◆ Your instructions:
Word for word, copy out the data below, omitting pictures.

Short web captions
⟨

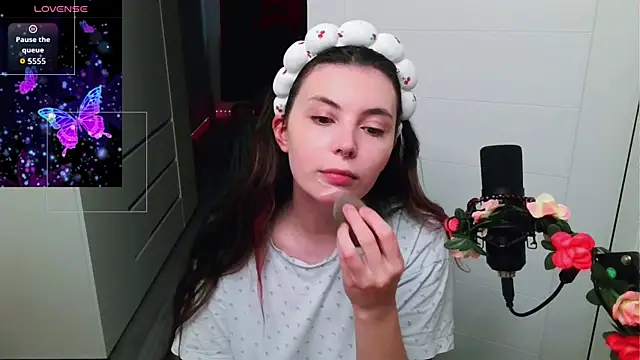 Snapshot of peachyness chatting on May 27, 5:43 pm peachyness online show from May 27, 5:43 pm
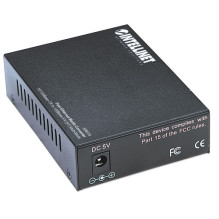 Converter 10 / 100Base-TX RJ45 / 1000Base-FX (MM ST) 2km 1310nm Converter 10 / 100Base-TX RJ45 / 1000Base-FX (MM ST) 2km 1310nm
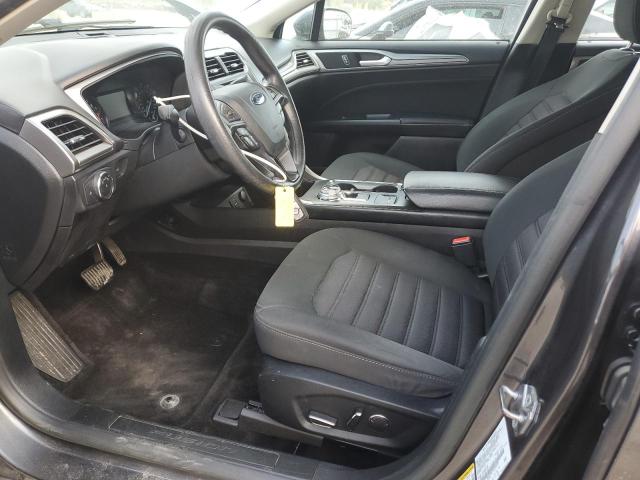 2018 FORD FUSION SE - 3FA6P0H75JR104501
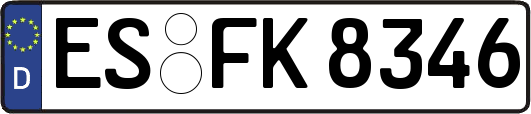 ES-FK8346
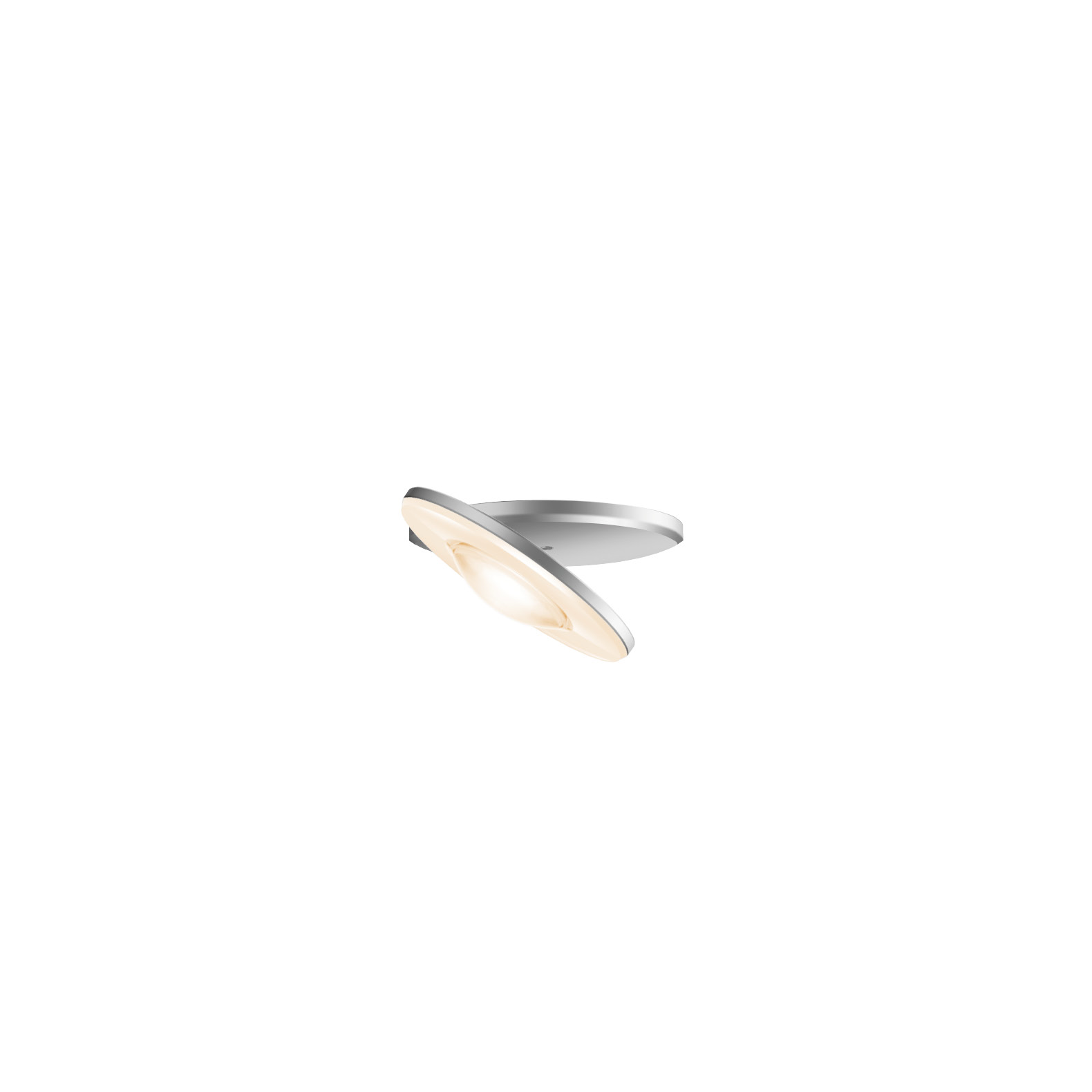 EUCLID 3D 80° AC C, 15W, 2700K EUCLID 3D 80° AC C, 15W, 2700K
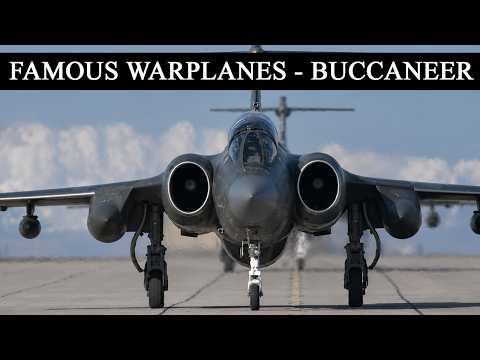 Famous Warplanes: The Worlds Greatest Combat Airplanes - The Buccaneer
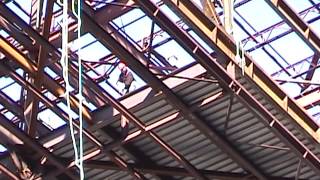 OCAD Installation of Steel Decking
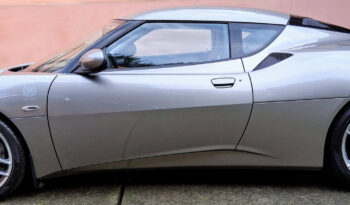 LOTUS EVORA 2+0 pieno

⟩

◆ Solution to this exercise:
 Snapshot of peachyness chatting on May 27, 5:43 pm peachyness online show from May 27, 5:43 pm
 Converter 10 / 100Base-TX RJ45 / 1000Base-FX (MM ST) 2km 1310nm Converter 10 / 100Base-TX RJ45 / 1000Base-FX (MM ST) 2km 1310nm
 2018 FORD FUSION SE - 3FA6P0H75JR104501
 ES-FK8346
 EUCLID 3D 80° AC C, 15W, 2700K EUCLID 3D 80° AC C, 15W, 2700K
 Famous Warplanes: The Worlds Greatest Combat Airplanes - The Buccaneer
 OCAD Installation of Steel Decking
 LOTUS EVORA 2+0 pieno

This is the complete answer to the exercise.